Utilizando-se de um conto do vigário que promete felicidade plena com o discurso de proporcionar qualidade de vida ao servidor público, o Governo federal, por meio do Ministério da Economia, publicou em 30 de Julho de 2020, a Instrução Normativa 65 que trata do programa de gestão do poder público federal que prevê a implementação do teletrabalho. Como todo o conto do vigário, a IN 65 é, na verdade, um grande golpe de estelionato que busca atrair, por meio da adesão voluntária, uma parcela de servidores menos politizados quanto às mudanças nas relações de trabalho e os prejuízos financeiros a médios e longos prazos.

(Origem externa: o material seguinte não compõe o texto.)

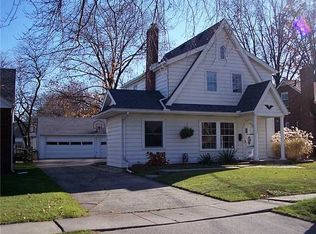 533 Sylvandale Ave, Oregon, OH 43616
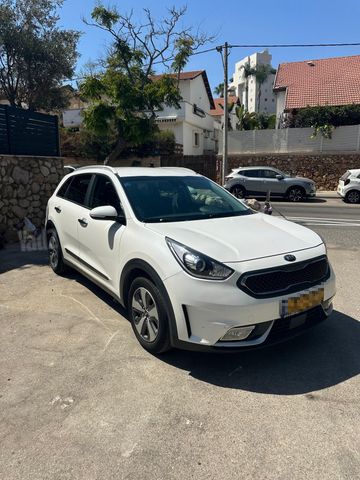קיה נירו
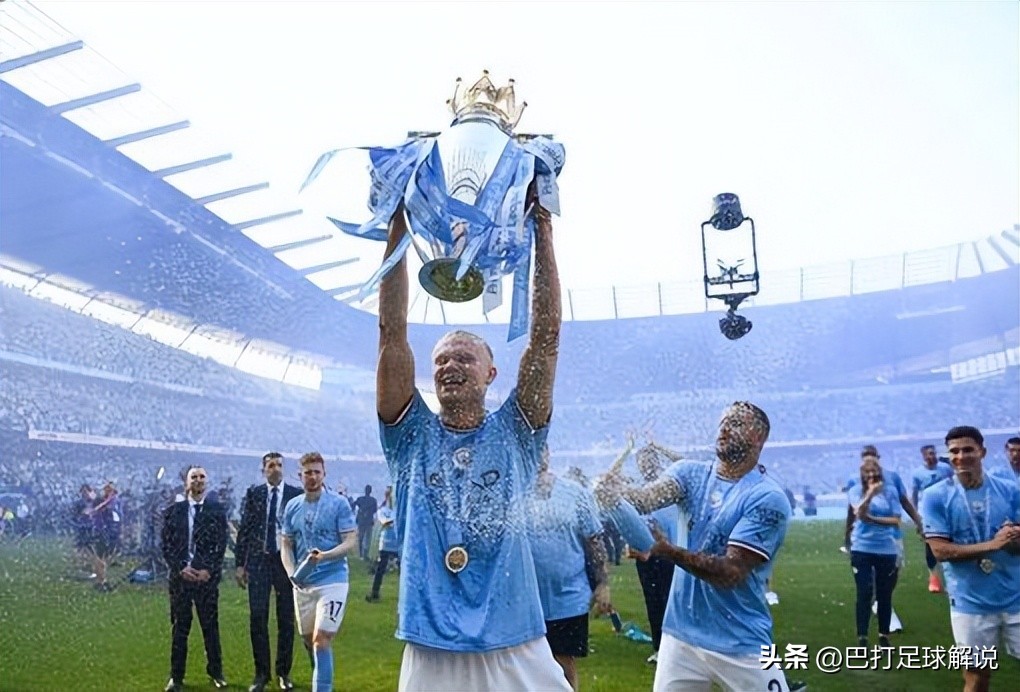 哈兰德何时曼城首秀,哈兰德捧杯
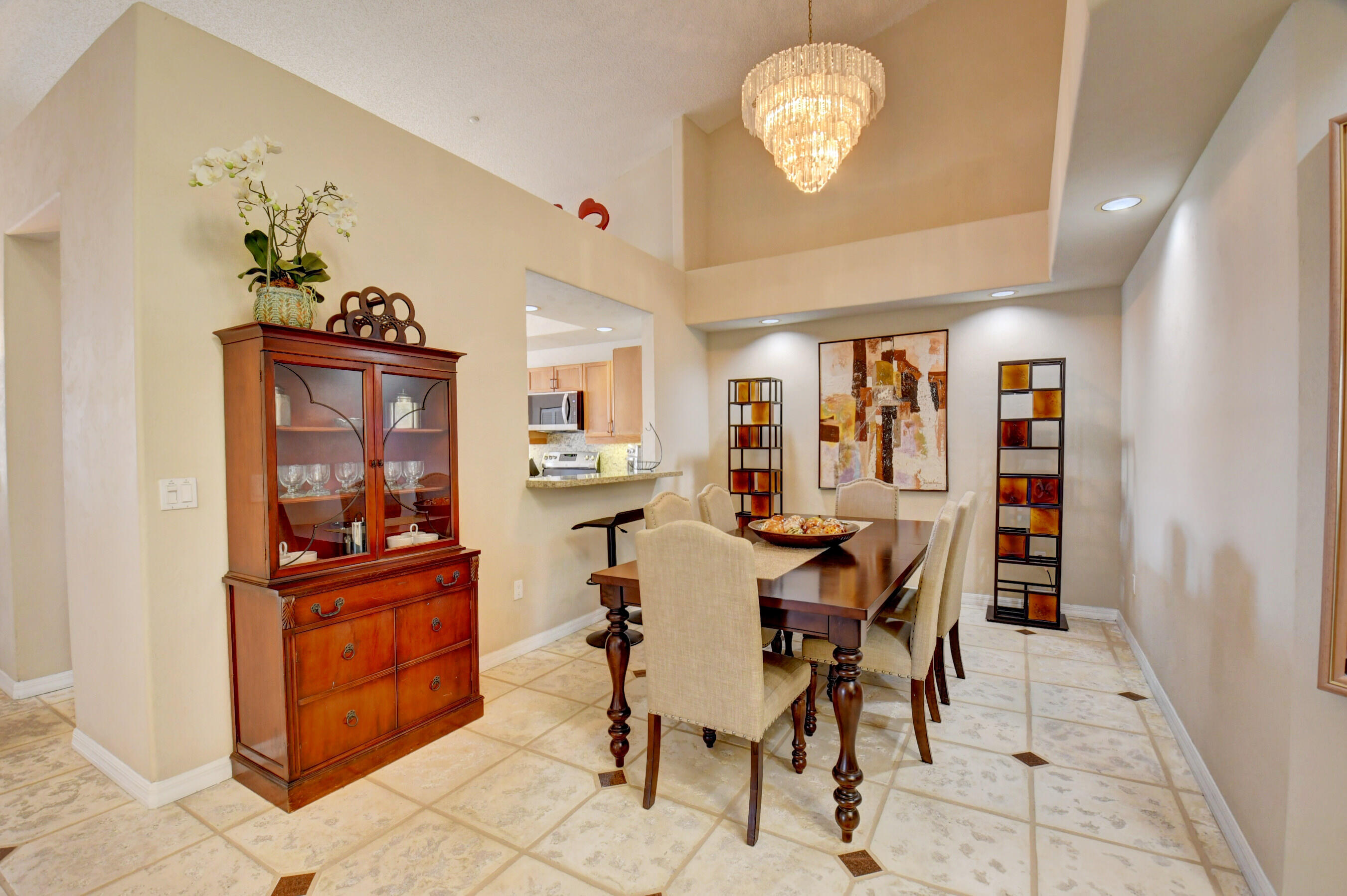 CLUBSIDE POINTE - Residential Lease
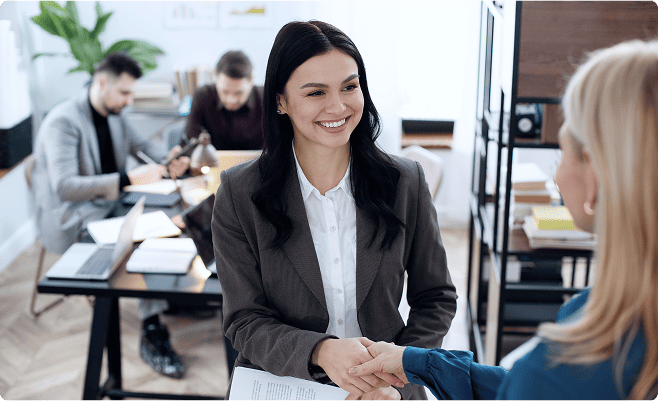 services/vnedrenie-1s-erp-upravlenie-predpriyatiem/women-handshake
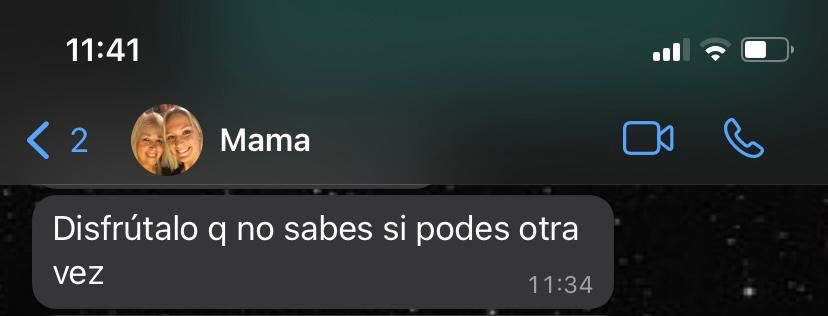 seregiani's tweet photo. Nadie:
Nuestros padres cuando nos logramos ir de vacaciones: https://t.co/FYiYucb2mg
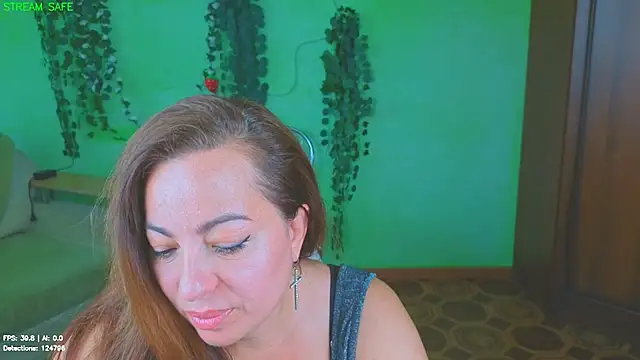 Zoe Zephyr online show from July 7, 6:47 am
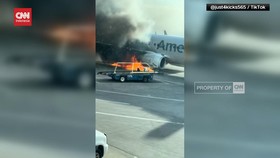 VIDEO: Sayap Pesawat American Airlines Terbakar, Penumpang Dievakuasi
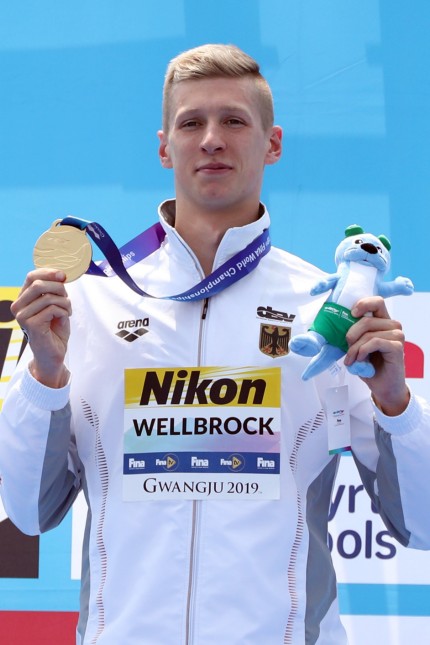 Freiwasser-Schwimmen: Florian Wellbrock gewinnt in Südkorea Gold über 10 Kilometer und beschert Deutschland damit eine von fünf Medaillen.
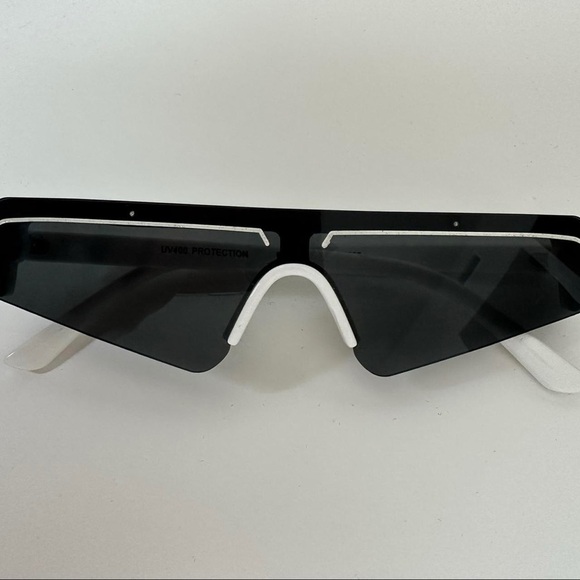 Dolls Kill Accessories - 80s Futuristic White & Black Sunglasses NEW WITH TAG Visor Shield Unisex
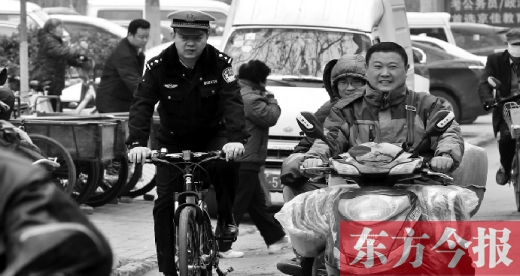 為了倡導(dǎo)綠色出行，鄭州市交警三大隊(duì)民警以身作則騎自行車(chē)上下班
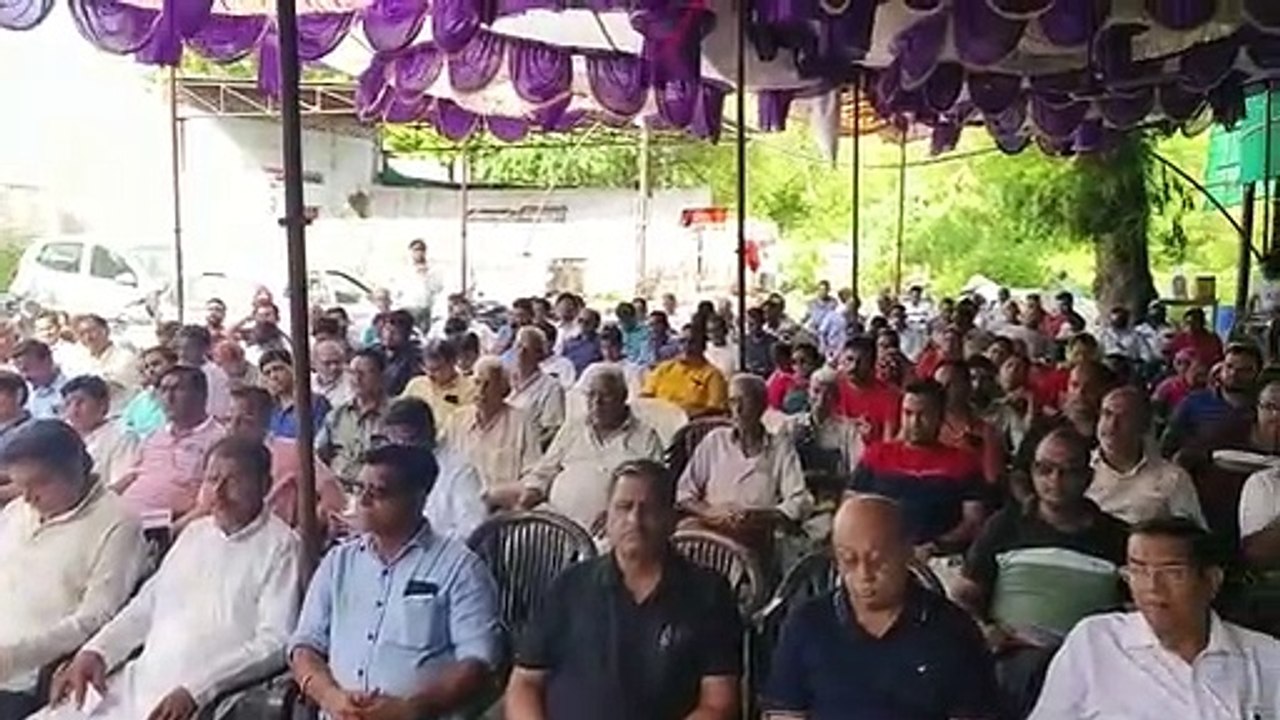 Adhik mas nagar parikarma: इस शहर में 50 हजार ल...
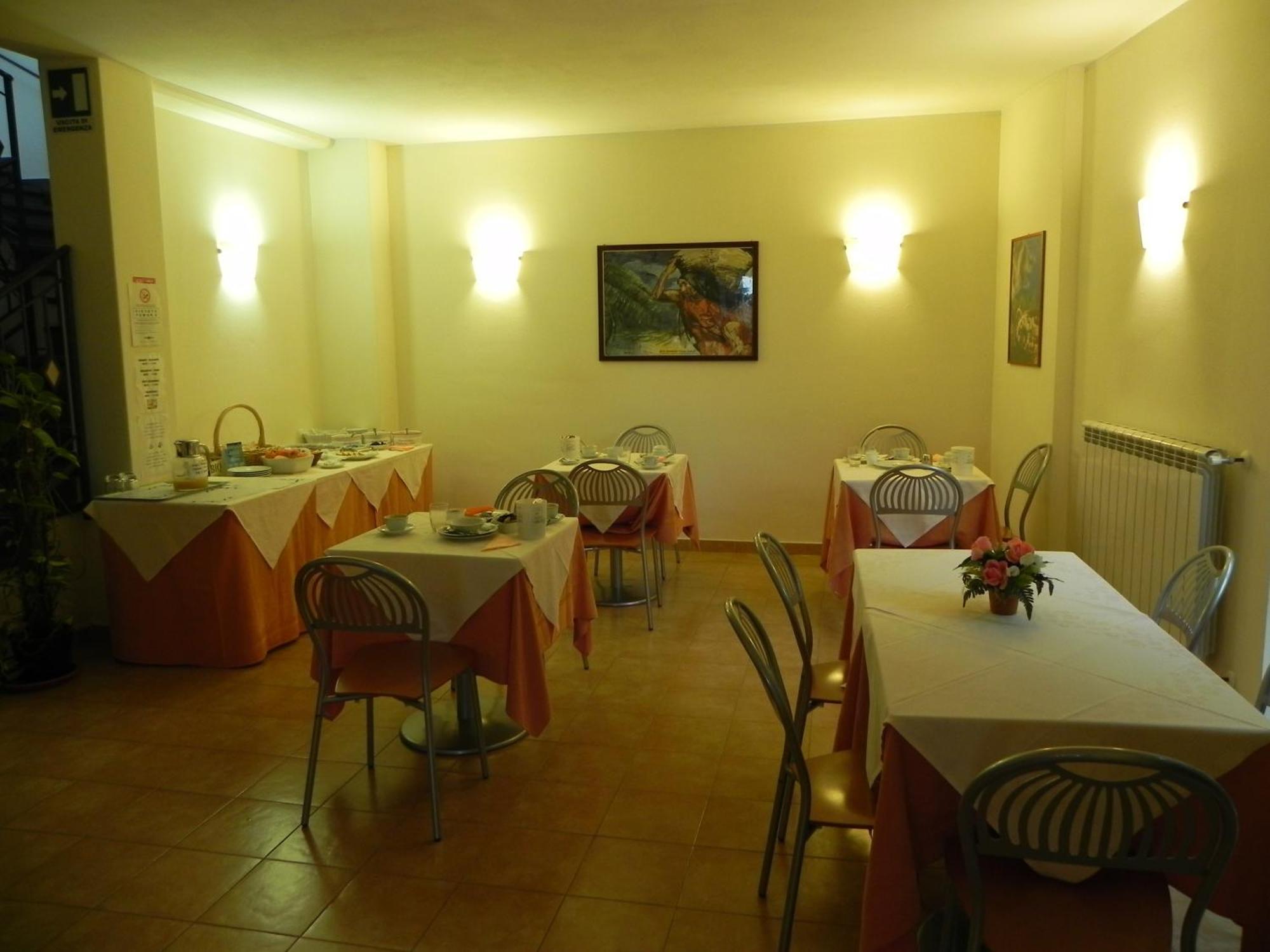 Hotel Il Saraceno Volastra Bagian luar foto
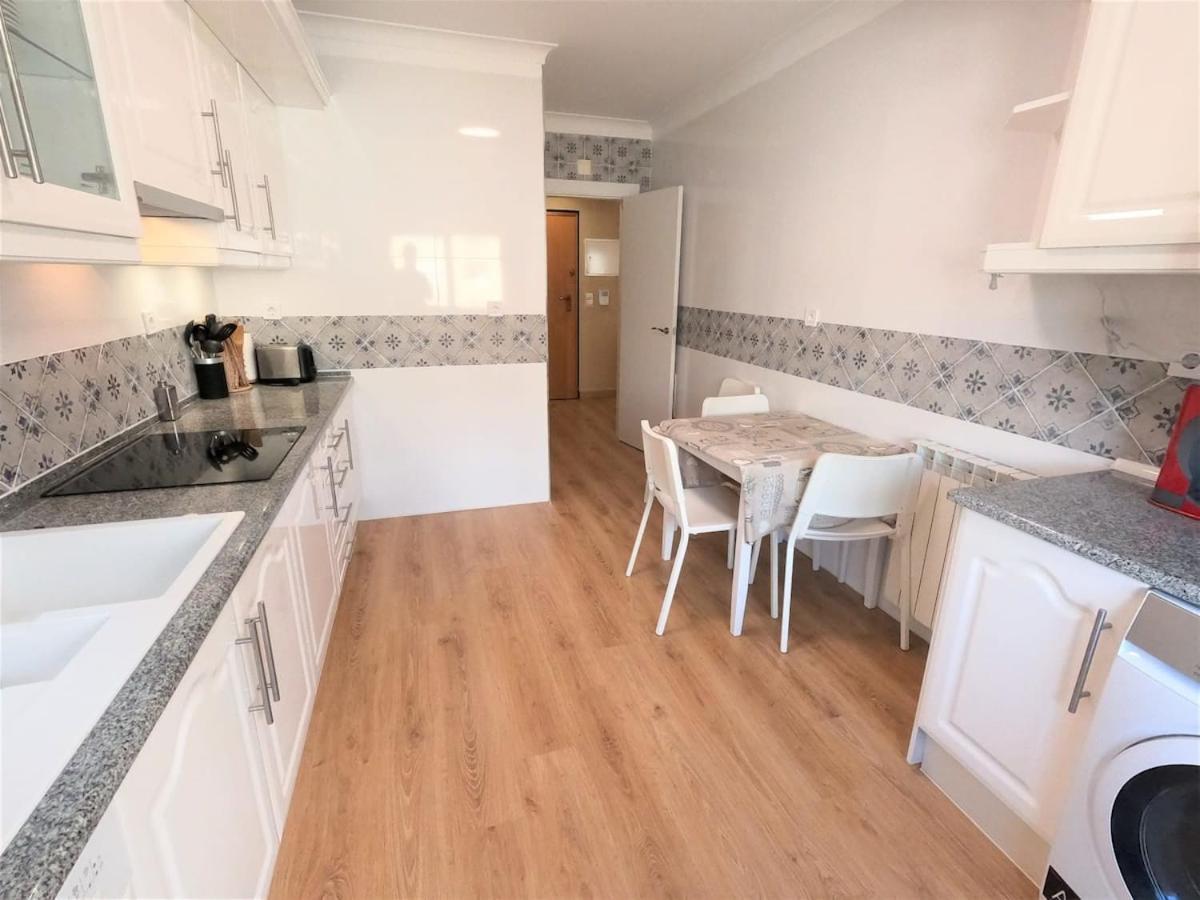 Carnaxide Modern T1 Apartment W Balcony In Carnaxide Oeiras Lisbon Екстер'єр фото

O estelionatário atrai as suas vitimas usando discursos que oferece facilidades, vantagens e favorecimentos. O golpe é dado com a promessa da felicidade plena e liberdade absoluta. A oferta inclui, ainda, a solução de todos seus problemas com o fim do trabalho presencial, uma vez que o servidor ou a servidora não terão mais controle de freqüência; não precisarão se deslocar, ficando horas e mais horas no trânsito. Outra “vantagem” do teletrabalho é a de que você terá mais tempo para a família, pois a narrativa é a de que você desenvolverá um trabalho sem dor e sem sofrimento, chegando, até mesmo, a desvirtuar um dos sentidos do termo trabalho como “tripalium”, que diz respeito a “instrumento de tortura”. O discurso do teletrabalho, como vocês já devem ter percebido, é sedutor e pode iludir e levar o servidor ou a servidora a fazerem às suas adesões voluntárias a um sistema que pretende precarizar as suas próprias vidas.
Assim, o servidor ou a servidora que aderirem ao teletrabalho imposto pela IN 65 logo perceberão o quanto foram enganados pelo conto do vigário. A promessa de qualidade de vida se transformará em um fardo muito pesado. A vida se transformará em metas e resultados a serem alcançado, cujo controle passará a ser realizado por plataformas eletrônicas de trabalho que passarão a mensurar a vida do trabalhador onde quer que ele esteja. Logo, o trabalhador ou a trabalhadora pública será enredado em uma malha de poder marcada pelo produtivismo, individualismo e por práticas antidemocráticas e anticooperativas que ocasiona o adoecimento físico, emocional e psicológico.
Além de mais produtividade típica do homo economicus contemporâneo, cuja única finalidade é superar a si mesmo em termos de métricas a serem alcançadas, o teletrabalho imposto pela IN 65 transfere ao servidor e/ou servidora os custos da prestação do serviço, ou seja, o trabalhador ou trabalhadora pública que aderi ao conto do vigário terá que arcar com todas as despesas operacionais de suas atividades, a exemplo dos aumentos do consumo da energia elétrica, internet, telefone, água, utilização de material de expediente, aquisição e manutenção de equipamentos eletrônicos e aquisição de mobiliário apropriado. Enfim, se muitos ainda acreditavam que teriam vantagens financeiras trabalhando em suas casas porque não gastariam economizariam tempo e dinheiro ao deixarem de se deslocar até a repartição pública, eles estão se esquecendo de incluir nesta conta todas as despesas advindas do teletrabalho que, como vimos, não são poucas.
Vale ressaltar que não estamos condenando o teletrabalho por completo, mas, precisamos alertar para as possíveis mazelas produzidas por essa modalidade de trabalho proposta pela IN 65. É preciso lembrar que uma lógica de trabalho como esta transforma a casa do servidor ou da servidora em uma repartição pública, uma vez que não há mais a típica separação entre os espaços públicos e privados, entre lazer e trabalho, entre ludicidade e produtividade. Nesta lógica, desligar-se das métricas produtivistas se torna algo proibido entre os servidores dessa modalidade de trabalho. Desta forma, companheiros e companheiras do serviço público, precisamos atuar para proibir o proibido, para lutar por o modelo de teletrabalho que não sequestre nossa subjetividade nos transformando em ciborgues contemporâneos programados para bater metas e não pensar sobre o significado delas em nossas vidas.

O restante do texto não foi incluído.